Meta announces the construction of two 24k GPU clusters as a significant investment in its AI future, emphasizing its commitment to open compute, open source, and a forward-looking infrastructure roadmap aimed at expanding its compute power significantly by 2024. The clusters support current and future AI models, including Llama 3, and are built using technologies such as Grand Teton, OpenRack, and PyTorch.
Main Points
Meta announces two 24k GPU clusters for AI workloads, including Llama 3 training
Marking a major investment in Meta’s AI future, we are announcing two 24k GPU clusters. We are sharing details on the hardware, network, storage, design, performance, and software that help us extract high throughput and reliability for various AI workloads. We use this cluster design for Llama 3 training.
Commitment to open compute and open source with Grand Teton, OpenRack, and PyTorch
We are strongly committed to open compute and open source. We built these clusters on top of Grand Teton, OpenRack, and PyTorch and continue to push open innovation across the industry.
Meta's roadmap includes expanding AI infrastructure to 350,000 NVIDIA H100 GPUs by 2024
This announcement is one step in our ambitious infrastructure roadmap. By the end of 2024, we’re aiming to continue to grow our infrastructure build-out that will include 350,000 NVIDIA H100 GPUs as part of a portfolio that will feature compute power equivalent to nearly 600,000 H100s.
Insights
Meta's major investment in AI infrastructure involves building two 24k GPU clusters for various AI workloads including Llama 3 training.
Marking a major investment in Meta’s AI future, we are announcing two 24k GPU clusters.

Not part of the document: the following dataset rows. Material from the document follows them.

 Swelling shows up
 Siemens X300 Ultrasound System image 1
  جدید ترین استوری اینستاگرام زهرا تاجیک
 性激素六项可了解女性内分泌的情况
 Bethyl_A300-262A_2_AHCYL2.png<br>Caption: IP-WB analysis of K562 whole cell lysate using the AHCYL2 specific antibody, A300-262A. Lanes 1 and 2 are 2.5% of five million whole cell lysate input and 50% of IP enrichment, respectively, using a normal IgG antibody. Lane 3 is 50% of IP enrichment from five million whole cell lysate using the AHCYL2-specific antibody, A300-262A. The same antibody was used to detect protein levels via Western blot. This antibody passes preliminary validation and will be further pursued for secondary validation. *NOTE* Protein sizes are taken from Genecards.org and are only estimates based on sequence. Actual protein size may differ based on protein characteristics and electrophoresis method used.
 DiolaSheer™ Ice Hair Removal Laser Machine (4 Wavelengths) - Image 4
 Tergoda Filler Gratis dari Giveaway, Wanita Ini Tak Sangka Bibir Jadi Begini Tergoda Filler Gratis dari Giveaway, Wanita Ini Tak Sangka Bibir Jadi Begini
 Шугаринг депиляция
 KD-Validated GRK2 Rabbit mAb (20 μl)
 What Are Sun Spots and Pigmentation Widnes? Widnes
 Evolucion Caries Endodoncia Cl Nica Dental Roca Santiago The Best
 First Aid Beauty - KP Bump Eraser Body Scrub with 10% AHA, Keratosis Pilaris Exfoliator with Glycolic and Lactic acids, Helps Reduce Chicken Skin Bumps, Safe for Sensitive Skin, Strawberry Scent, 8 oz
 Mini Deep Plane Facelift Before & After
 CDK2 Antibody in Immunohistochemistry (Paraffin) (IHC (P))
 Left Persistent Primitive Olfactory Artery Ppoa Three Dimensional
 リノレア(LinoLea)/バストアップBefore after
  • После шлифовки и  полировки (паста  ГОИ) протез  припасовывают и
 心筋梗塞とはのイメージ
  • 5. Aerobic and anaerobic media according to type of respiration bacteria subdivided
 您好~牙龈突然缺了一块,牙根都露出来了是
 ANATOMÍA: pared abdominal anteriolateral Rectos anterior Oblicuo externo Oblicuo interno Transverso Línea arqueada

We use this cluster design for Llama 3 training.
Meta commits to open compute and open source, building these clusters with Grand Teton, OpenRack, and PyTorch.
We built these clusters on top of Grand Teton, OpenRack, and PyTorch and continue to push open innovation across the industry.
Meta plans to grow its AI infrastructure to include 350,000 NVIDIA H100 GPUs by the end of 2024.
By the end of 2024, we’re aiming to continue to grow our infrastructure build-out that will include 350,000 NVIDIA H100 GPUs as part of a portfolio that will feature compute power equivalent to nearly 600,000 H100s.